AIM OF THE TASK:
Lines with "were" in them are to be located in the listing below and copied.

STORED DATA:
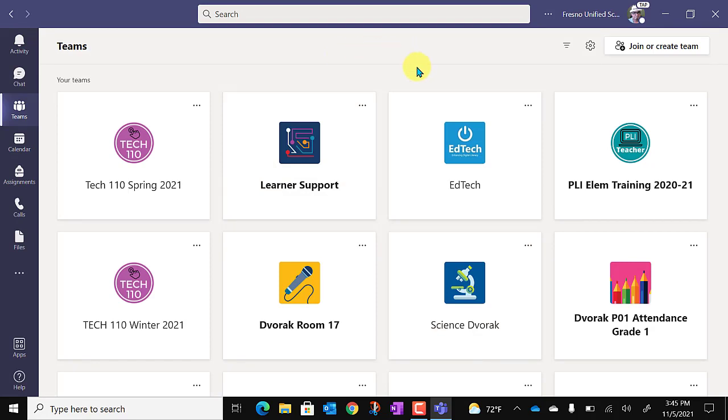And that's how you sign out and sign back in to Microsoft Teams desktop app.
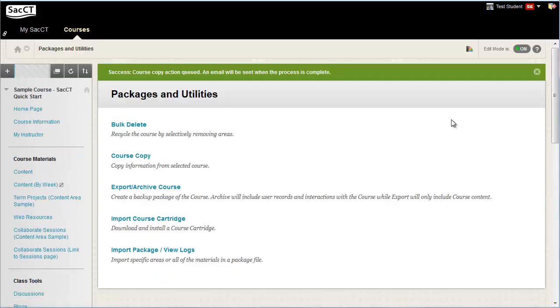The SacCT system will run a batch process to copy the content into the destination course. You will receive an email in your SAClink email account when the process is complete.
* * *
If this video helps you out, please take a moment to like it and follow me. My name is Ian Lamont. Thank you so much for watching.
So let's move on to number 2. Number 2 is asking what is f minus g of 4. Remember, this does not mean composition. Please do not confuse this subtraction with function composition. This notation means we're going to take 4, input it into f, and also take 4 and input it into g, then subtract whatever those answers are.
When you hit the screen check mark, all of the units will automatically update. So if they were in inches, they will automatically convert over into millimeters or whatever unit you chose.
...
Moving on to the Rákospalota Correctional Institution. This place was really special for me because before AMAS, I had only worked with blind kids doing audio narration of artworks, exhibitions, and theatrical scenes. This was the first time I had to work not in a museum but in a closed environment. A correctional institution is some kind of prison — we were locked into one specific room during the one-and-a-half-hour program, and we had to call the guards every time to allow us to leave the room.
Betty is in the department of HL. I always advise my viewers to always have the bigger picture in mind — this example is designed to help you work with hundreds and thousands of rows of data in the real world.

ANSWER SECTION:
When you hit the screen check mark, all of the units will automatically update. So if they were in inches, they will automatically convert over into millimeters or whatever unit you chose.
Moving on to the Rákospalota Correctional Institution. This place was really special for me because before AMAS, I had only worked with blind kids doing audio narration of artworks, exhibitions, and theatrical scenes. This was the first time I had to work not in a museum but in a closed environment. A correctional institution is some kind of prison — we were locked into one specific room during the one-and-a-half-hour program, and we had to call the guards every time to allow us to leave the room.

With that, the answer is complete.